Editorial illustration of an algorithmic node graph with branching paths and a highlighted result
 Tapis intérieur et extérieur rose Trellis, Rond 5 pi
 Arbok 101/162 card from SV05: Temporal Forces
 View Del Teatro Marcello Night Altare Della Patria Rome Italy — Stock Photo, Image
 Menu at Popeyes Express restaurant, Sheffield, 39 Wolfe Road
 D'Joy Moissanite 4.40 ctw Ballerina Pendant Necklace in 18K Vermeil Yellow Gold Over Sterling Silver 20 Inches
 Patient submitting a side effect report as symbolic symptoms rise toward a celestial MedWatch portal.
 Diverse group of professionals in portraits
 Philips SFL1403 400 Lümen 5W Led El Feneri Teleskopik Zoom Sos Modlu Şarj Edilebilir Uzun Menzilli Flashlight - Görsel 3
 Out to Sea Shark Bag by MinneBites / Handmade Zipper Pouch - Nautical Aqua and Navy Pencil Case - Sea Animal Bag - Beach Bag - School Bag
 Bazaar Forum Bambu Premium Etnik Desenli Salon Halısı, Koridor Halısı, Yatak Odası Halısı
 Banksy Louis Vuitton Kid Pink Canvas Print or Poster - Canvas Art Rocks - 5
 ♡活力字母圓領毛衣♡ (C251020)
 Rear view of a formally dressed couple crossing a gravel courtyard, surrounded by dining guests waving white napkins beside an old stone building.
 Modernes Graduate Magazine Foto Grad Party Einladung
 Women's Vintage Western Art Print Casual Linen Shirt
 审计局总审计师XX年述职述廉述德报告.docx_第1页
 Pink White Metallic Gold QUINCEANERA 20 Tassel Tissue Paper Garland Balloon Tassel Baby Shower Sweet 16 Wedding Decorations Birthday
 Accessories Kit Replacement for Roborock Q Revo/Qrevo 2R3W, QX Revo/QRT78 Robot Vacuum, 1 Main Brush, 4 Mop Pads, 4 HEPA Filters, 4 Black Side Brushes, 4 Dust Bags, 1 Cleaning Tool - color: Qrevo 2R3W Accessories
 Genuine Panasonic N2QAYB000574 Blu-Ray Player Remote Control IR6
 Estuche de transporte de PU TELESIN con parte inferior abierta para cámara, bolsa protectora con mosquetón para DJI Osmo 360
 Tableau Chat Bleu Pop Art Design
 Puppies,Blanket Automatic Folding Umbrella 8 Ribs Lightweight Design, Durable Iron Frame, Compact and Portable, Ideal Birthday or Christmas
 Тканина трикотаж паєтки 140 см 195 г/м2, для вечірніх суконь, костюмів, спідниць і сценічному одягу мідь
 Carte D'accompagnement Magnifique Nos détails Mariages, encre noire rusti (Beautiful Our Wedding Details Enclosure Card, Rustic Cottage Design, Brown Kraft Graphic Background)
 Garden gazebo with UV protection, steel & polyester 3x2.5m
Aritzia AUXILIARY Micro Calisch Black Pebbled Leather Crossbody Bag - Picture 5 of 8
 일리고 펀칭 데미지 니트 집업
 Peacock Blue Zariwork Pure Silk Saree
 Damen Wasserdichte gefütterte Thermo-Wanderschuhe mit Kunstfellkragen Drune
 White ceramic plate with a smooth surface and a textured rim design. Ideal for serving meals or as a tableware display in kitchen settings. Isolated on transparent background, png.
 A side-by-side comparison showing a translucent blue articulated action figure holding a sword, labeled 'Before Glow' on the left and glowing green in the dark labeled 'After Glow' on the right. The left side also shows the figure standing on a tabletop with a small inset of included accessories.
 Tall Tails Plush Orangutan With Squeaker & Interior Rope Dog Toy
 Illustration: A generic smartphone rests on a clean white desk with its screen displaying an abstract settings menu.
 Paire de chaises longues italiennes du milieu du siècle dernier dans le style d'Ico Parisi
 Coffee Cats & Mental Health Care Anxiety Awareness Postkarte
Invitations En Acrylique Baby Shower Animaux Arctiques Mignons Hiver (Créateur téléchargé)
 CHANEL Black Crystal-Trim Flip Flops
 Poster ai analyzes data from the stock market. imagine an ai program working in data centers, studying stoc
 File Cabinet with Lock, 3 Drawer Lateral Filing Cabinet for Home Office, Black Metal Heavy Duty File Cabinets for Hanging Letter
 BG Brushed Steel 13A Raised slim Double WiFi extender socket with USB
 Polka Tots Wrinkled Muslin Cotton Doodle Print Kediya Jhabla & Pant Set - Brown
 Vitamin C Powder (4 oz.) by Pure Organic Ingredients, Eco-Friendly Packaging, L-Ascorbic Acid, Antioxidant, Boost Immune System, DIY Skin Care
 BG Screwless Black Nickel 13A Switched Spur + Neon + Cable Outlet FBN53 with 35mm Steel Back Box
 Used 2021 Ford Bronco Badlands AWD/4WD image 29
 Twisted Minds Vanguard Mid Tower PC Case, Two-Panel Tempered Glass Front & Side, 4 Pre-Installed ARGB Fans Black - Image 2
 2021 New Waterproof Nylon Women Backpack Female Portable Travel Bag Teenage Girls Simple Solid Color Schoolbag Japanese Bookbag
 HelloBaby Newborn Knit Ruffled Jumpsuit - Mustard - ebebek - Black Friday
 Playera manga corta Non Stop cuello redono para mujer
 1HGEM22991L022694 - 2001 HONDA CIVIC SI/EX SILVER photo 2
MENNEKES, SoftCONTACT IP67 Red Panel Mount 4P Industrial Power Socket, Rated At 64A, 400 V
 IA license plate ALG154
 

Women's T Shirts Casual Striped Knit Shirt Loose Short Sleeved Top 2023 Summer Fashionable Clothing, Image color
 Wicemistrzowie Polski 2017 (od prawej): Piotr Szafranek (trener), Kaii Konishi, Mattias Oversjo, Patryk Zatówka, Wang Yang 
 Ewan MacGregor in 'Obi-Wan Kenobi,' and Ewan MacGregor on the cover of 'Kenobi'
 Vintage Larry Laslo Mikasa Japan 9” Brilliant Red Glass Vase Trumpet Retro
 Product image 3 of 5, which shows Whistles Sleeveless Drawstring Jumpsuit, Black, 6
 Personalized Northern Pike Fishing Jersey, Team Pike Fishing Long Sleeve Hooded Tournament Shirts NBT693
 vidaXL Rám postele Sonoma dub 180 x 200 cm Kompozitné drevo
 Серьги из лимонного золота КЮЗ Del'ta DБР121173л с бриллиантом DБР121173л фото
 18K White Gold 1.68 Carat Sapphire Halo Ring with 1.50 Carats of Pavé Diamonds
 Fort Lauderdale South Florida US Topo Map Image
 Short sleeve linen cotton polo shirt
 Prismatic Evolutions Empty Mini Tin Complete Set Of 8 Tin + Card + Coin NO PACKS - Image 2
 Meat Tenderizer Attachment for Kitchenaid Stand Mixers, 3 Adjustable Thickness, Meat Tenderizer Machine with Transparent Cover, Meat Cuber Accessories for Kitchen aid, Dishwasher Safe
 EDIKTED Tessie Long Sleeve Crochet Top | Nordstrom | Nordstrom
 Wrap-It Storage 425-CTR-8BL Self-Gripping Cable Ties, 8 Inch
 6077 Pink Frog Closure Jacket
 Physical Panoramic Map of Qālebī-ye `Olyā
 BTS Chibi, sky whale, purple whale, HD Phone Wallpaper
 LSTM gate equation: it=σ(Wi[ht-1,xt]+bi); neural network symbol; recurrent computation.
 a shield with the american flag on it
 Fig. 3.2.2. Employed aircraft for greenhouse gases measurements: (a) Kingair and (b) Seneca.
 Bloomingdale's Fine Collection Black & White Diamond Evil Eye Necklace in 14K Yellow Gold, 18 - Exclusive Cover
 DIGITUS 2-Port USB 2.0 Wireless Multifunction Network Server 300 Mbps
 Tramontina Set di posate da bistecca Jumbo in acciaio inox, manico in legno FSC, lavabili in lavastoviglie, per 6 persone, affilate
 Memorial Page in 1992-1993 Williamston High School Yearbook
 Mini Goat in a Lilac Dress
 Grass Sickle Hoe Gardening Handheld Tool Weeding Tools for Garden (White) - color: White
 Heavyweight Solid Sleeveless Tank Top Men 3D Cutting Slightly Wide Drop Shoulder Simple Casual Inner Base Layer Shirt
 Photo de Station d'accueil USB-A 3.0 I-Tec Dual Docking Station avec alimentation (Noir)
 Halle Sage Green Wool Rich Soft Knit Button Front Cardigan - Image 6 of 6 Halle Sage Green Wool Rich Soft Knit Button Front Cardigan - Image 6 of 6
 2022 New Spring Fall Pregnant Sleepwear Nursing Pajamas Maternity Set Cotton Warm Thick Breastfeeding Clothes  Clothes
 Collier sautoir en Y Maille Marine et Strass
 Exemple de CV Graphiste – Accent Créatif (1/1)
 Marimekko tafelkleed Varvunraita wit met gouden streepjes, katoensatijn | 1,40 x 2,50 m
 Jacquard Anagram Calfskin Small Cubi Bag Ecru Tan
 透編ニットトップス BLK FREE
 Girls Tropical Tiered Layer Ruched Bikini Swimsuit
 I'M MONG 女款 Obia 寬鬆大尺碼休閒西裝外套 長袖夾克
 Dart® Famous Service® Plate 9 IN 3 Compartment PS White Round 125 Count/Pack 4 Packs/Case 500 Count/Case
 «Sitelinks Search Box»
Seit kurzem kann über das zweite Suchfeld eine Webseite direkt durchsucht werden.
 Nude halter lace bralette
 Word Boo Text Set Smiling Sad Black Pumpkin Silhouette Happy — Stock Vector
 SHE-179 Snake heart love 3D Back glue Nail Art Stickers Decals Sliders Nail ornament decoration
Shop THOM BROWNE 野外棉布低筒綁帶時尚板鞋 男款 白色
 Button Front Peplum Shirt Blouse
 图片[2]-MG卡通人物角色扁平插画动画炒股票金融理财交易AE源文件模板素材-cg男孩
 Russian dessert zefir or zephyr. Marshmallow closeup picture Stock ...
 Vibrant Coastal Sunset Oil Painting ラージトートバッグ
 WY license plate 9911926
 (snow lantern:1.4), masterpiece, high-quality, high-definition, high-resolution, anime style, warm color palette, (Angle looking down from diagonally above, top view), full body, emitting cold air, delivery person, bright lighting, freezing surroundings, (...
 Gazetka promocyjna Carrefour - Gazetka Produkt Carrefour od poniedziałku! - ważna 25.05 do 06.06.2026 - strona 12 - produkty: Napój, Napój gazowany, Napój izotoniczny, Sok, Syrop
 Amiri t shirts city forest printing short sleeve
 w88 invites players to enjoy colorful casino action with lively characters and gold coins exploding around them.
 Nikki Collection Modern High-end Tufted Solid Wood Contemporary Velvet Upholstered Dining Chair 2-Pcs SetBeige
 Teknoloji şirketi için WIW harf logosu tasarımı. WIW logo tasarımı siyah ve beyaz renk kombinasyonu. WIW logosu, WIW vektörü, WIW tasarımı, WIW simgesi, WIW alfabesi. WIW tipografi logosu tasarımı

★ ★ ★

▶ **Directions**
Your answer should be the lines above from the one containing "6077 Pink Frog Closure Jacket" through the one containing "Bloomingdale's Fine Collection", copied exactly and with both ends kept.

▶ **Written answer**
 6077 Pink Frog Closure Jacket
 Physical Panoramic Map of Qālebī-ye `Olyā
 BTS Chibi, sky whale, purple whale, HD Phone Wallpaper
 LSTM gate equation: it=σ(Wi[ht-1,xt]+bi); neural network symbol; recurrent computation.
 a shield with the american flag on it
 Fig. 3.2.2. Employed aircraft for greenhouse gases measurements: (a) Kingair and (b) Seneca.
 Bloomingdale's Fine Collection Black & White Diamond Evil Eye Necklace in 14K Yellow Gold, 18 - Exclusive Cover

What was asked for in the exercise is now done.